Another “Dream” is scheduled to open in Stratford-upon-Avon about a year ago, as a showcase for the Audience of the Future, a conglomerate of collective technology innovators and organizations. merged in 2019 and tasked with discovering new ways to produce and supply theater remotely. (Cinema on your phone? They saw it first.) 2020 “Dream” will be broadcast to both live and remote audiences, integrating actors, projects, and motion recordings. directly into a verdant whole.
But these days the live audience is rare and this faraway “Dream”, no matter how splendid – and it’s so splendid, so splendid – feels thinner, no more forest of imagination. and lots of small scenes of some really lovely trees.

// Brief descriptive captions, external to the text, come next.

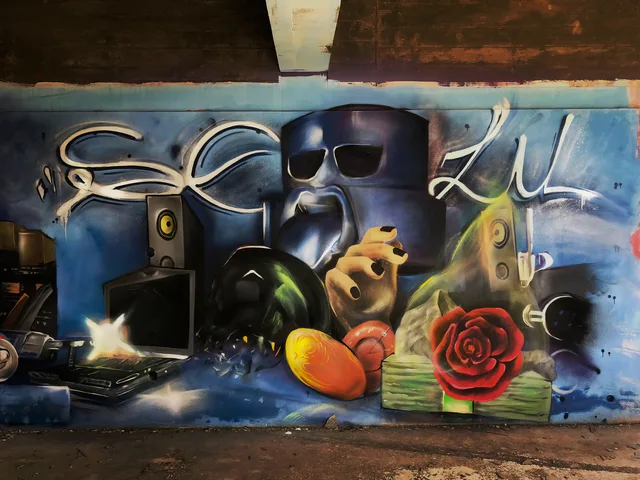 Een surrealistisch geschilderd stilleven met een donkere figuur, fruit en een rode roos in een vervallen gebouw.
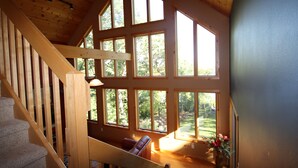 Ein geräumiges Zimmer mit großen Fenstern, einer Holztreppe und Blick ins Freie.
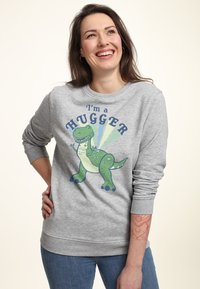 Grå sweatshirt med en grön dinosaurie-grafik och texten "Jag är en kramare." Ribbad mudd och nederkant, mjukt tyg, avslappnad passform.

It begins with Puck (EM Williams), who wanders happily at night, imagined here as a collection of pebbles shaped almost like a human body. Why make Puck – nimble, fleet of vehicles, and beaming on earth when most of us load the dishwasher – like a pile of rocks? Do not know. Looks cool.
During his travels around the forest, Puck encounters other Shakespeare nymphs, such as Moth (the legend of moths), Peaseblossom (sticks and flowers) and Cobweb (the eyeball inside the squirrel). Apparently, Puck also met a Mustardseed (more sticks?). I remember it. And singer Nick Cave has contributed to the voice! I also miss that.
The “Dream,” to be performed live, is very delicate, altered and has almost absolutely no content. It’s not a theater, and it’s not exactly a movie, though it might pass a short “Avatar”. As for the stretches, it feels like a meditation video game, but neither is it, mainly because the interactive elements (clicking and dragging fireflies around the landscape) are completely unimportant.
Watching it, I felt inexplicable irritable, like a toddler being offered a wonderful variety of perfectly perfect snacks but didn’t want any of them. Because maybe what the kid really wants is to watch a real play safely in a real theater with a real audience. And that’s not available right now.
So I really don’t know what to say about “Dream”. Because it demonstrates an apparently effective and seemingly happy collaboration among the top actors in their game, the director, the designer, the composer, and the technician, many of them. took some physical risks to do it. (Among them are Robin McNicholas, supposedly directing and developing the story; Pippa Hill, said to create the script and develop the story; and Esa-Pekka Salonen, music director and co-writer of It also signals real progress in the use of direct motion rotation (something the Royal Shakespeare Company has been testing) and provides a glimpse into how that technology could be used. Use when the live theater is restored.
But this is not the right theater. Or not even the right theater. It is a sophisticated demonstration of an emerging technology. Shakespeare is the excuse, not the problem. Pentameter, put in random virtual mouths, gives us a better evaluation of the software architecture – which is great if you like the software and less great if you like the language itself, the plot, or the kernel. objects of the original game or our deep understanding of foolishness, the hearts of longing. This “dream” is beautiful. Wouldn’t it be great if we could all wake up right now?